| HN Mirror

Y	Hacker News new \| ask \| show \| jobs

by confuseshrink 2172 days ago

Vectorization: I'm not an expert in this area so I can only tell you what I've personally found difficult in dealing with vectorization. Usually it all comes down to alignment and vector lanes. To utilize the vector instructions you basically have to paint your memory into separate (but interleaved) regions that can be mapped to distinct vector lanes efficiently. Everything is fine as long as no two elements from separate lanes have to be mixed in some way, as soon as your computation requires that you incur a heavy cost.

Dealing with these issues might require you to know the corners of the instruction set really well or some times the solution is outside of the instruction set and is related to how your data structure is laid out in memory leading you to AoS vs SoA analysis etc.
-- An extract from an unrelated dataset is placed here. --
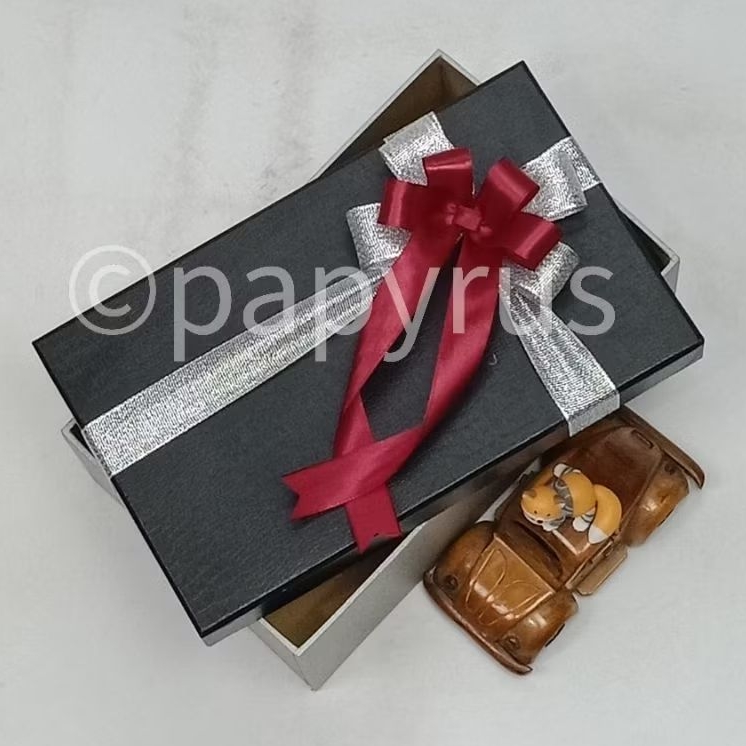 

PAPYRUS Kombinasi 15x25 Tinggi 5cm Kotak Kado Gift Box Hadiah V2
Compilers and vectorization: Based on reading a lot of assembly output I think what compilers usually struggle with are assumptions that the human programmer know hold for a given piece of code, but the compiler has no right to make. Some of this is basic alignment, gcc and clang have intrinsics for these. Some times it's related to the memory model of the programming language disallowing a load or a store at specific points.

GPGPU programmability: GPUs being easy to program is something I take with a grain of salt, yes it's easy to get up and running with CUDA. Making an _efficient_ CUDA program however is easily as challenging if not more than writing an efficient AVX program.